- _PROBLEM REQUIREMENTS_:
In the material below, find the span from the line with "Kép 1/4 - Ravelli" to the line with "Traueranzeige von Arno Borkowski von KRZ" and transcribe only those lines, exactly, ends included, without the pictures.

- _EXTRACTED RECORDS_:
* * * * * * * * *

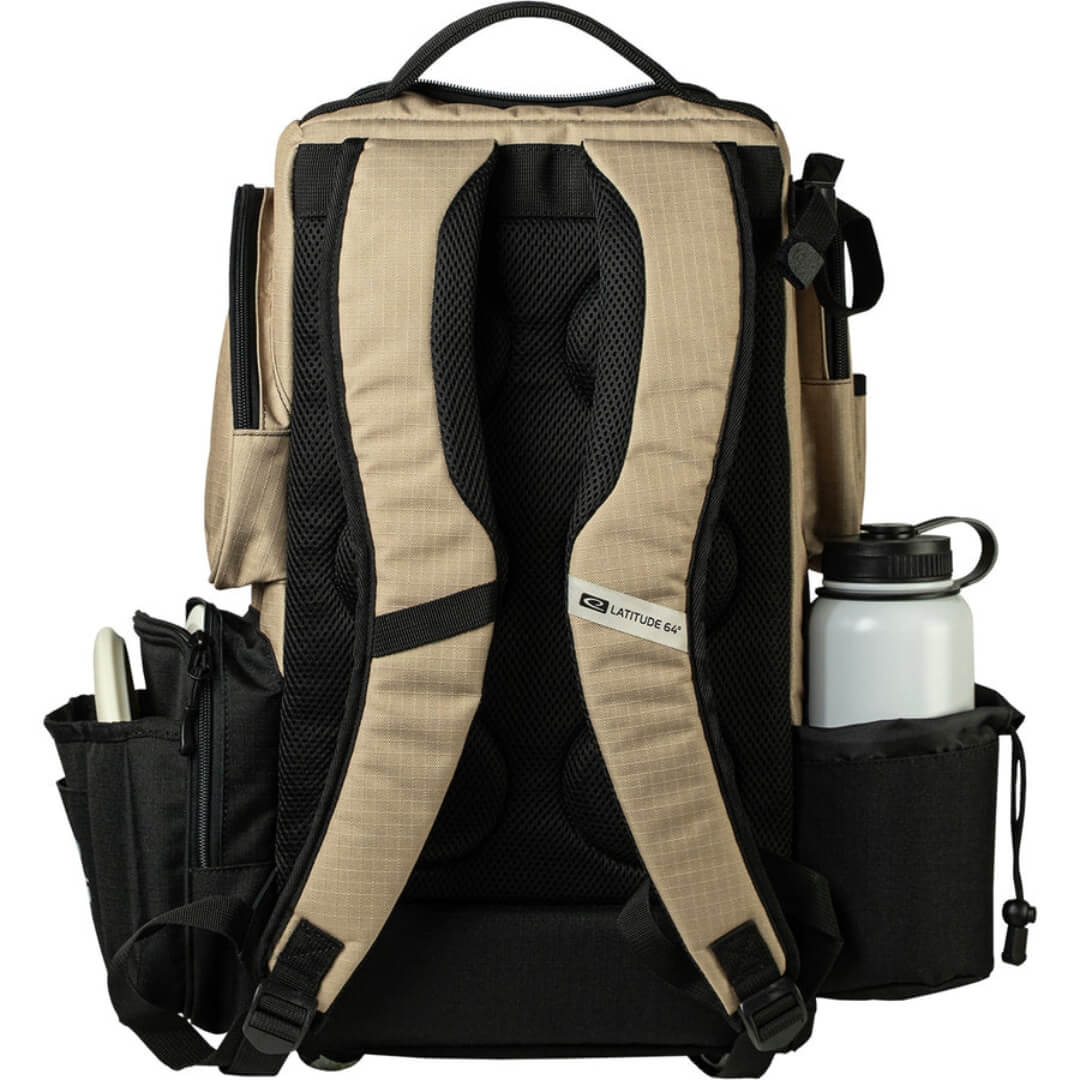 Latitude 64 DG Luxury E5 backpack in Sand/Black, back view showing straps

* * * * * * * * *

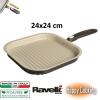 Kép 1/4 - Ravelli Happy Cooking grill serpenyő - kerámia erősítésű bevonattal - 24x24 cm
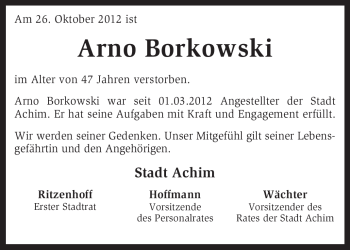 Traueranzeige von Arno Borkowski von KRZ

* * * * * * * * *

- _RESULT OF THE EXERCISE_:
 Kép 1/4 - Ravelli Happy Cooking grill serpenyő - kerámia erősítésű bevonattal - 24x24 cm
 Traueranzeige von Arno Borkowski von KRZ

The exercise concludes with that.